As with text data, you must preprocess the data so that the resulting numerical tensor has the same size as the data. This is achieved by sampling the audio file after converting the data into the frequency domain. Sampling the audio can be thought of as splitting the audio file into chunks that are always the same size. For example, a 30-second audio file can be split into 30 1-second non-overlapping audio samples, and in the same way, a 15-second audio file can be split into 15 1-second non-overlapping samples. Thus, your result is 45 equally sized audio samples.

Another common preprocessing step that can be performed on audio data is to convert the audio sample from the time domain into the frequency domain. Interpreting the data in the time domain is useful for understanding the intensity or volume of the audio, whereas the frequency domain can help you discover which frequencies are present. This is useful for classifying sounds since different objects have different characteristic sounds that will be present in the frequency domain. Audio data can be converted from the time domain into the frequency domain using the stft function.
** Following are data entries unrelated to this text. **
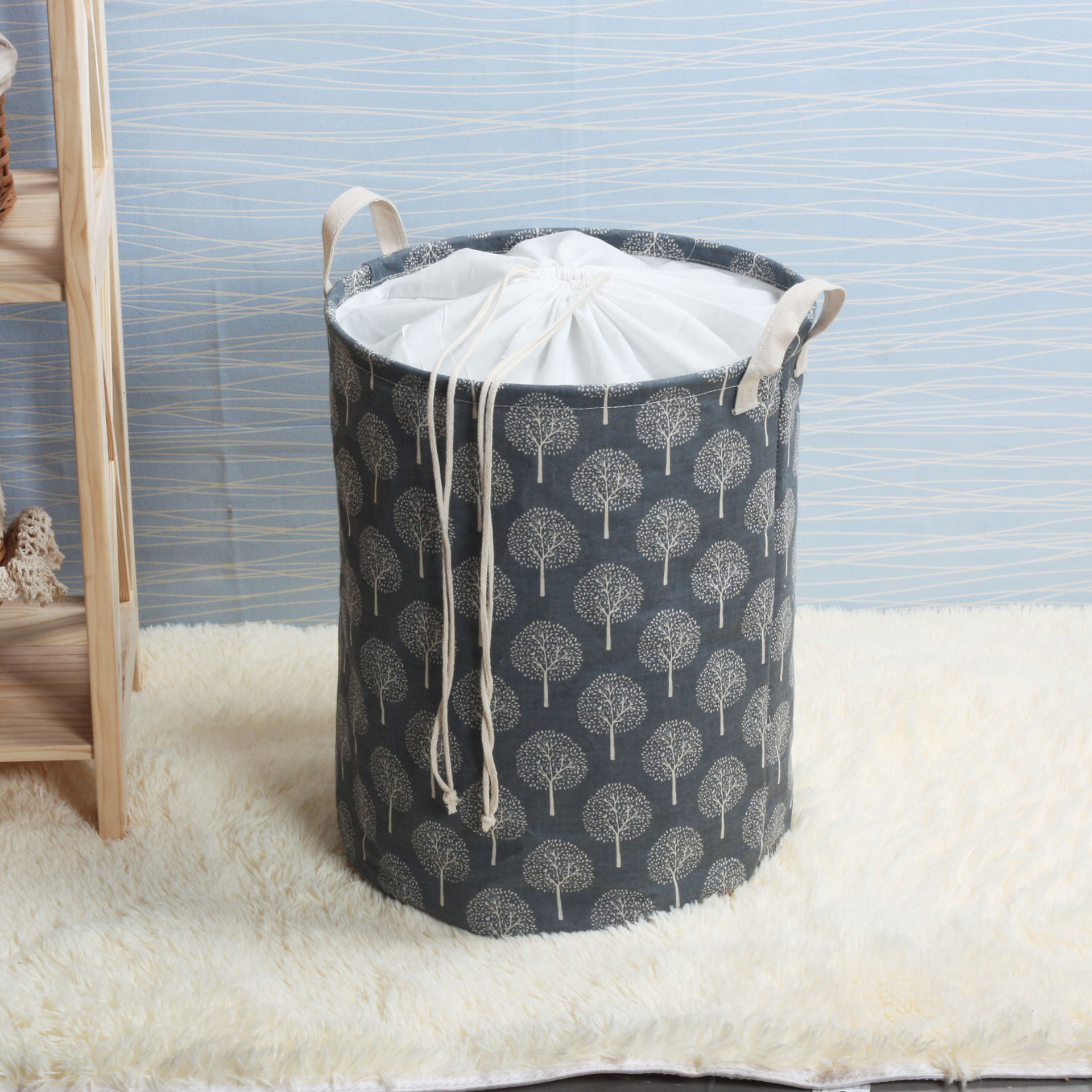 Simple Foldable Sundries Storage Bucket Bundle Mouth Cotton Linen Folding Dirty Laundry Basket Toy Sundries Storage Box Multi-Color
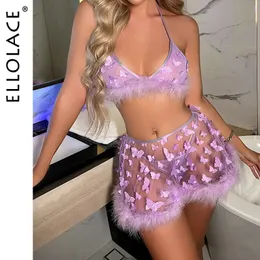 Other Panties Ellolace Feather Lingerie Butterfly Underwear Women Transparent Sexy Without Feeling Purple Thongs 3Pieces Fancy Lace Intimate 230411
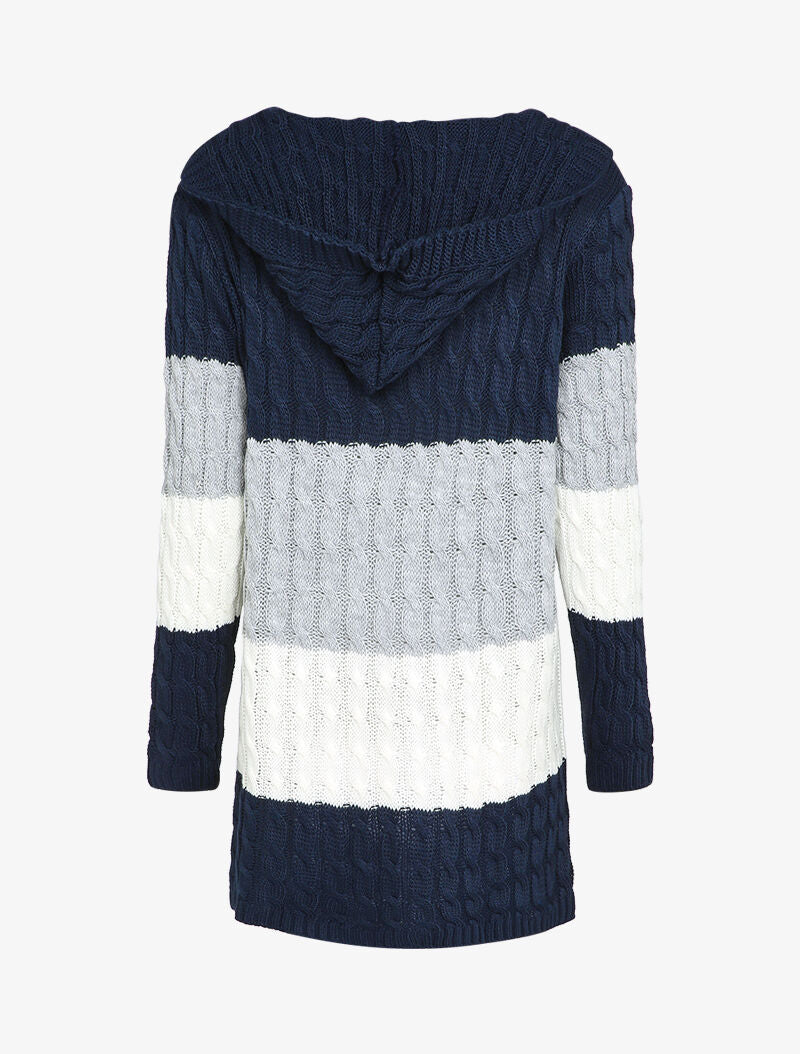 Halflange hoodie met geribbelde gebreide stof - Donkerblauw - Image 2
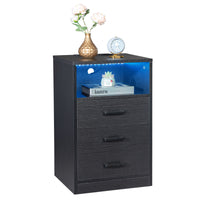 FCH 40*35*65cm Particleboard Pasted Triamine Three Drawers With Socket With LED Light Bedside Table Black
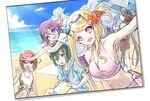  3boys 3girls :d ;o ahoge akamatsu_kaede arm_up armpits ball bangs beach beach_towel beach_umbrella beachball bikini blonde_hair blue_jacket breasts brown_hair casual_one-piece_swimsuit cleavage cloud collarbone danganronpa day drinking flower folded_ponytail frilled_swimsuit frills green_hair grey_swimsuit hair_between_eyes hair_flower hair_ornament hand_on_hip harukawa_maki hibiscus horizon jacket long_hair looking_at_viewer low_twintails medium_breasts momota_kaito multiple_boys multiple_girls musical_note_hair_ornament navel new_danganronpa_v3 one-piece_swimsuit one_eye_closed open_clothes open_jacket open_mouth ouma_kokichi outstretched_arm photo_(object) pink_bikini pink_eyes purple_eyes purple_hair purple_shorts red_eyes red_hair saihara_shuuichi sarong self_shot shaded_face shiro_q~ shirt short_sleeves shorts sidelocks sitting smile standing stomach sweatdrop swept_bangs swimsuit towel twintails umbrella v very_long_hair white_shirt yellow_eyes yumeno_himiko 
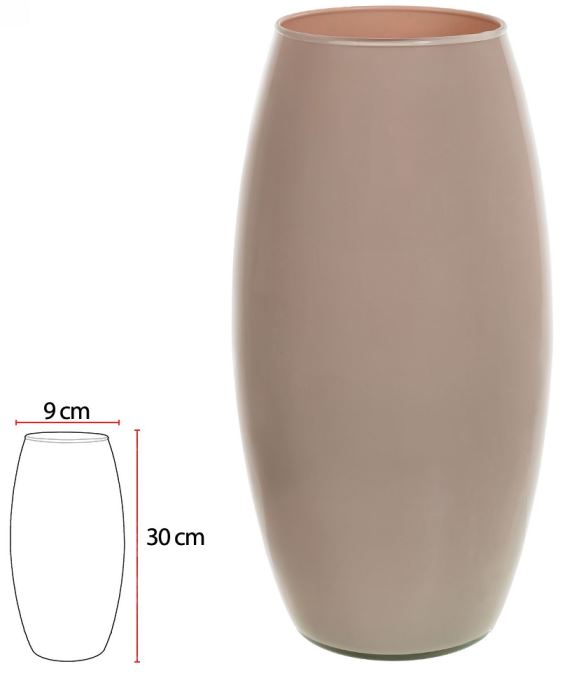 Vaso Vidro Romeu Decorativo Nude 30X9cm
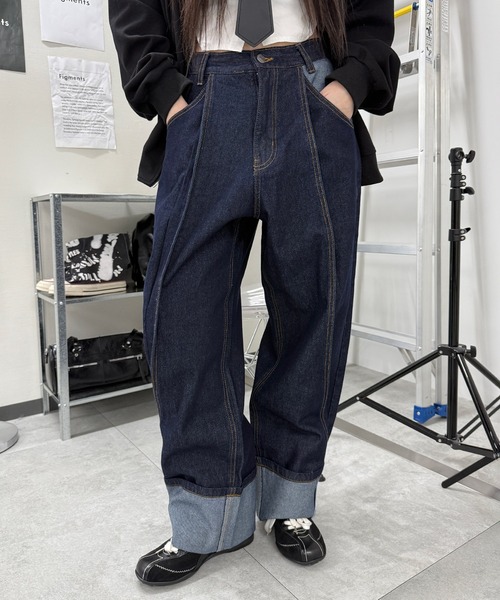ジーンズ デニム デニムパンツ ロールアップカーブデニム レディース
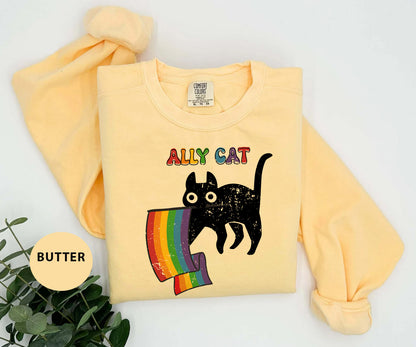 a yellow shirt with a black cat on it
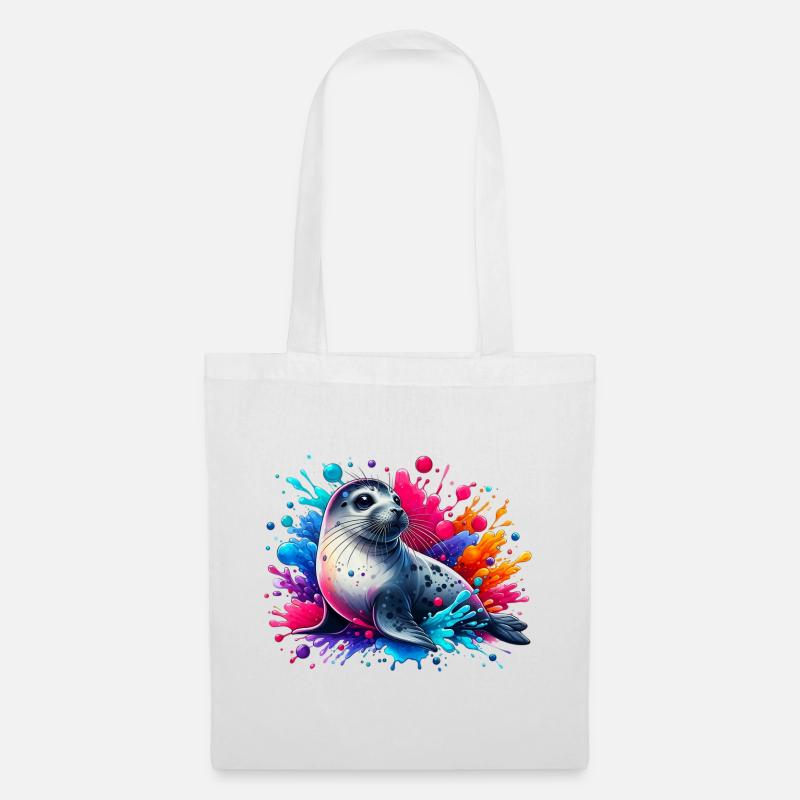 Phoque - Sac en tissu - blanc
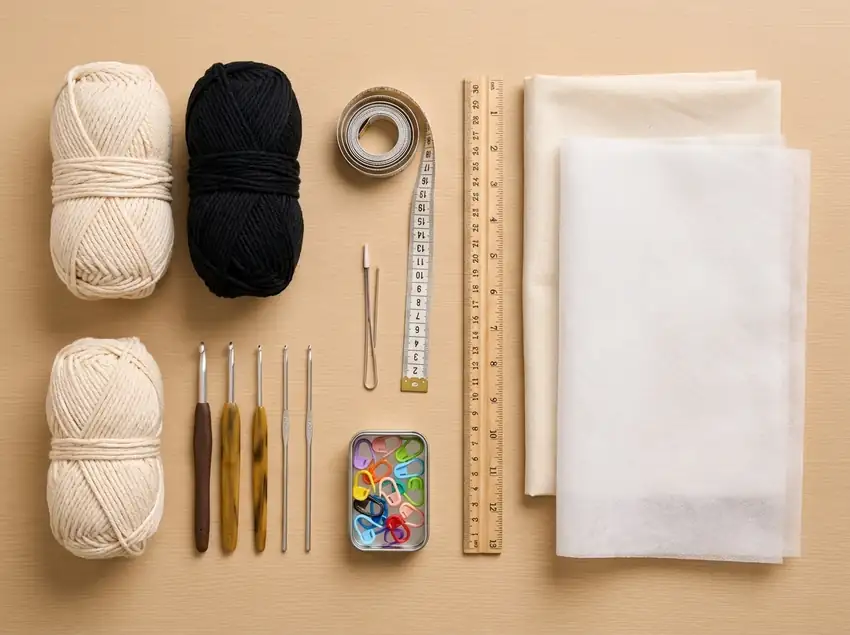 Materials for a cat-shaped bucket bag pattern PDF including yarn hooks ruler lining and interfacing
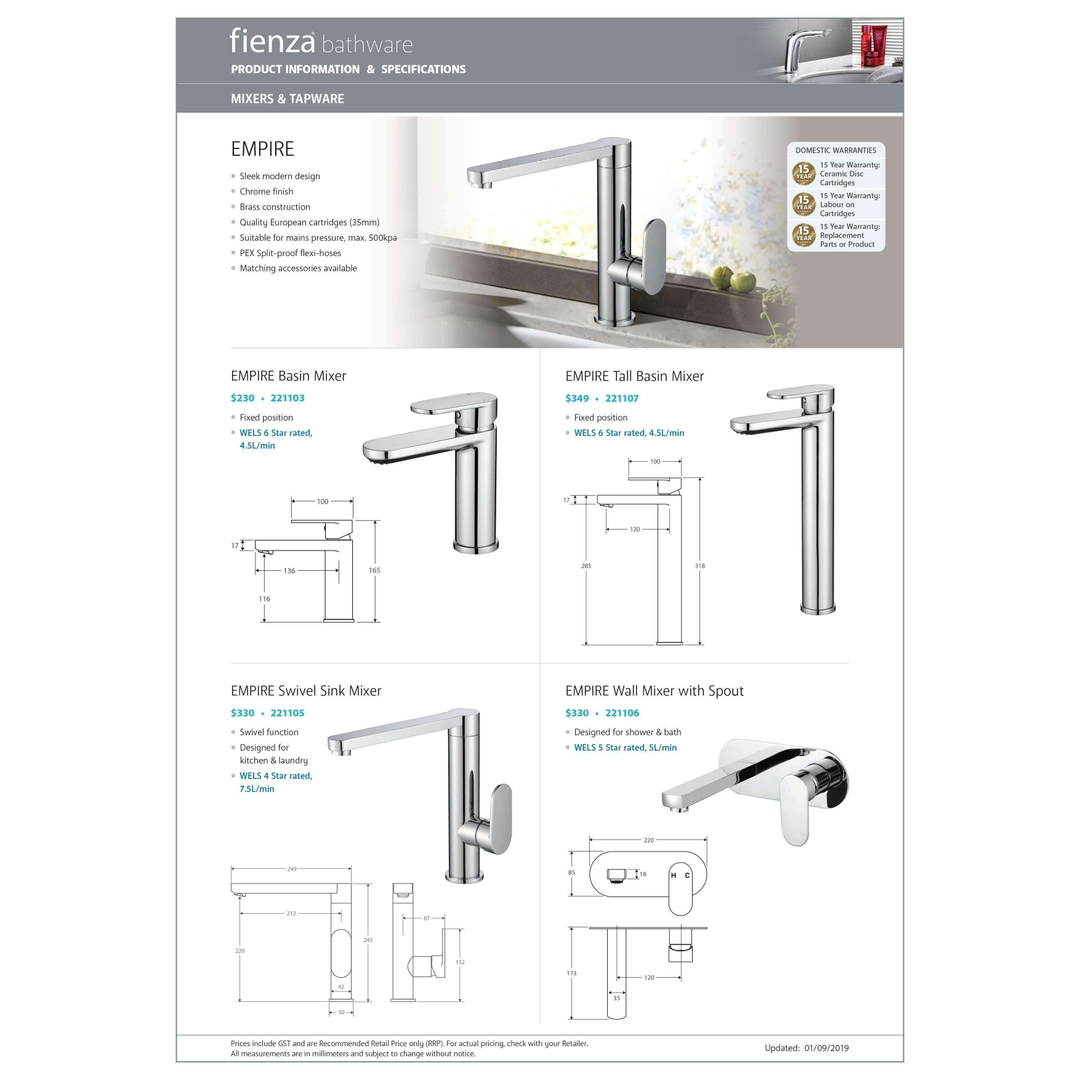 Fienza Empire Tall Basin Mixer Chrome 221107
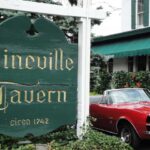 Historic exterior of The Pineville Tavern built in 1742 Bucks County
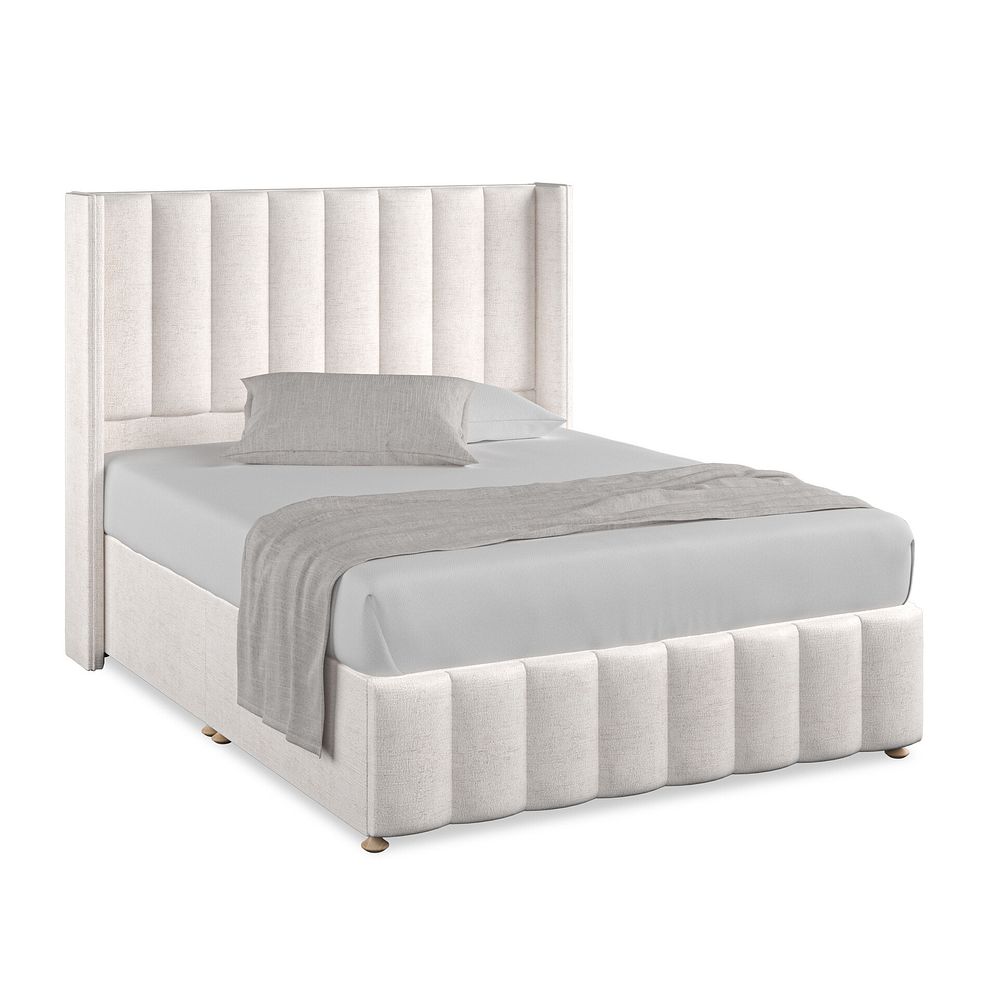 Amersham King-Size Divan Bed with Winged Headboard in Brooklyn Fabric - Lace White 1
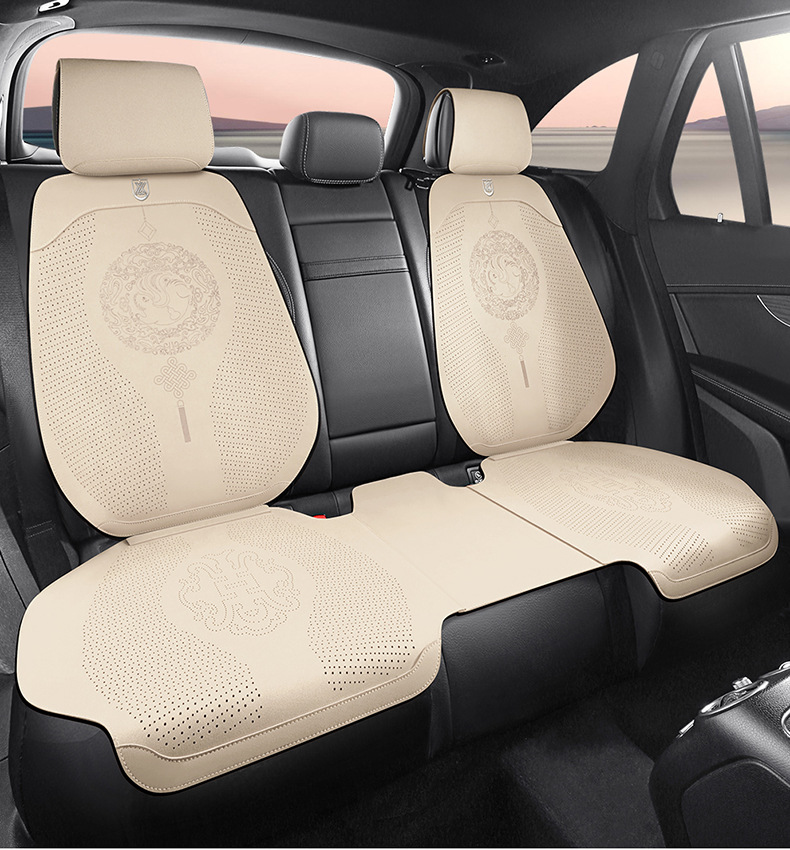 National Fashion Chinese Knot Car Seat Cushion Suede Four Seasons Universal Small Man Waist Half Bag Summer Suede Saddle Cushion Only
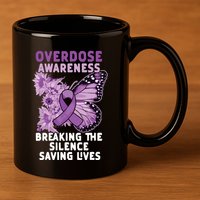 Overdose Awareness Purple Ribbon Drug Addiction 11oz C Handle Ceramic Mug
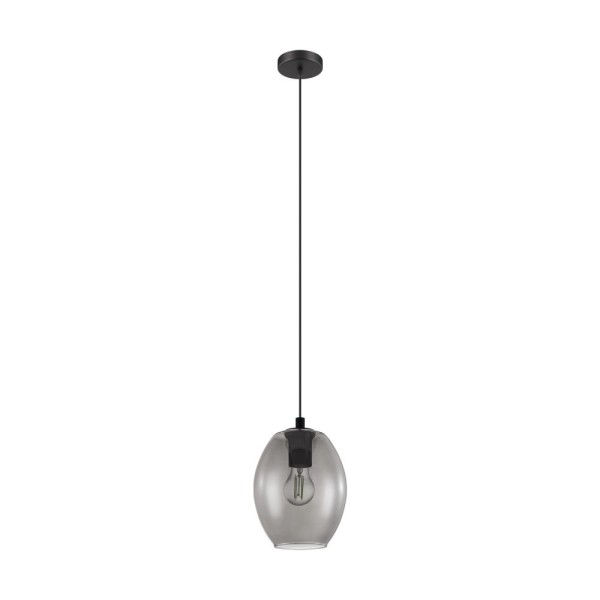 Pendul CADAQUES 98582 EGLO, E27 1X40W, Ø180mm, Negru Transparent - 1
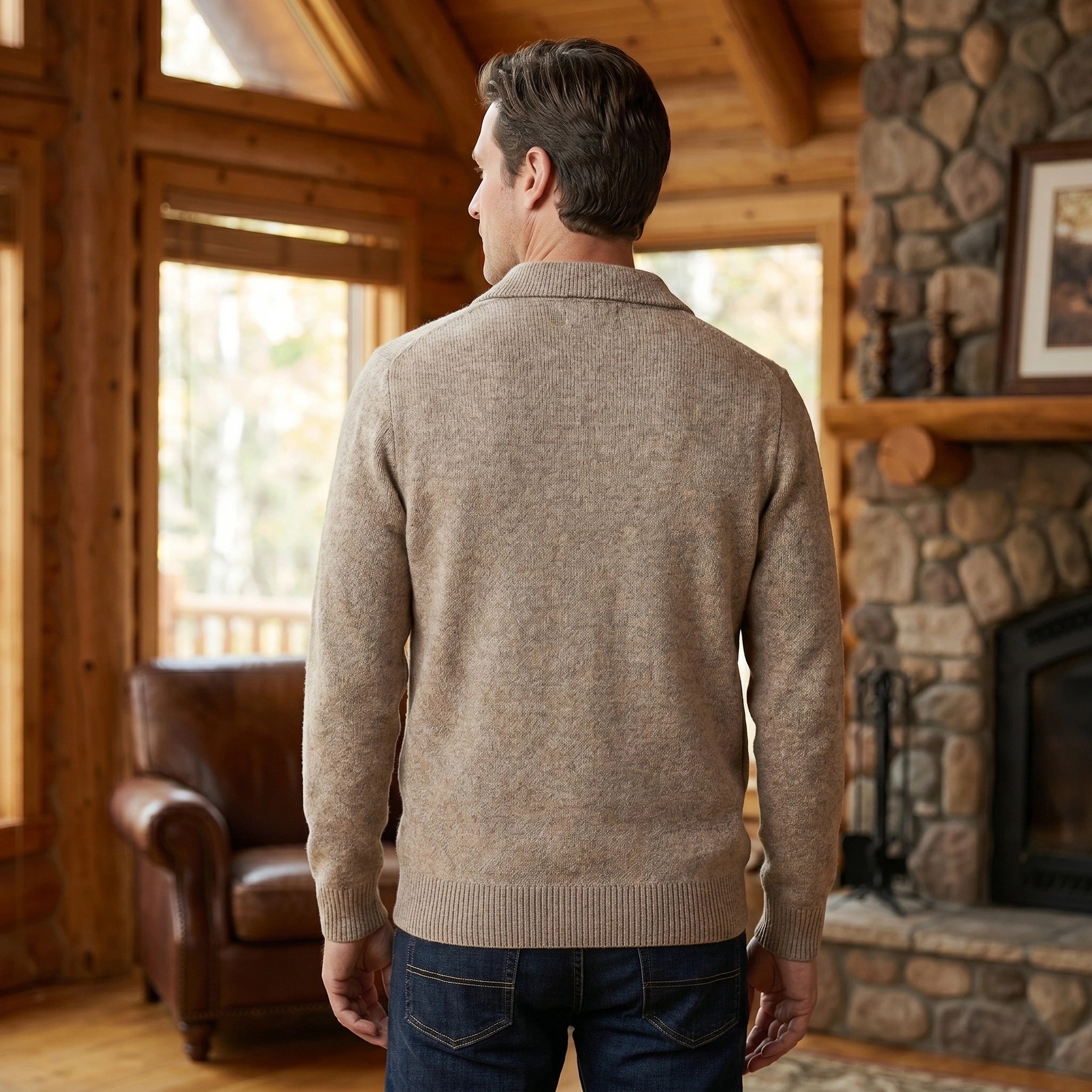 Close up view of the men's relaxed quarter zip sweater showing the soft fabric texture and detailed stitching in a classic neutral color.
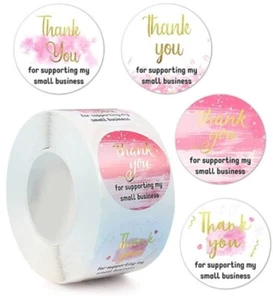 50x Thank you Stickers - Pink Gold 38mm Supporting Small Business Parcel - Imagen 1 de 1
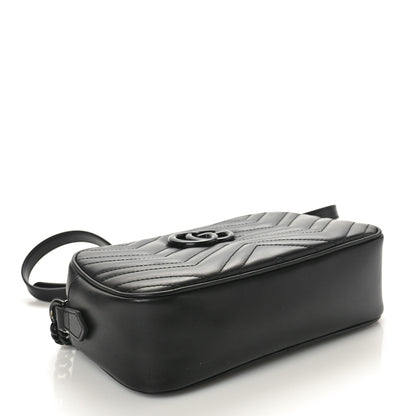 Gucci Calfskin Matelasse Monochrome Small GG Marmont Chain Shoulder Bag Black 4 of 10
This function takes the short-time Fourier transform of the input data. The arguments to the function include the frame length, which is an integer value that indicates the window length in samples; the frame step, which is an integer value that describes the number of samples to step; and the Fast Fourier Transform (FFT) length, which is an integer value that indicates the length of the FFT to apply. A spectrogram is the absolute value of the short-time Fourier transform as it is useful for visual interpretation. The short-time Fourier transform and spectrogram can be created as follows:

stfts = tf.signal.stft(audio, frame_length=1024,\
                       frame_step=256,\
                       fft_length=1024)
spectrograms = tf.abs(stfts)

Another optional preprocessing step is to generate the Mel-Frequency Cepstral Coefficients (MFCCs). As the name suggests, the MFCCs are the coefficients of the mel-frequency cepstrum. The cepstrum is a representation of the short-term power spectrum of an audio signal. MFCCs are commonly used in applications for speech recognition and music information retrieval. As such, it may not be important to understand each step of how the MFCCs are generated but understanding that they can be applied as a preprocessing step to increase the information density of the audio data pipeline is beneficial.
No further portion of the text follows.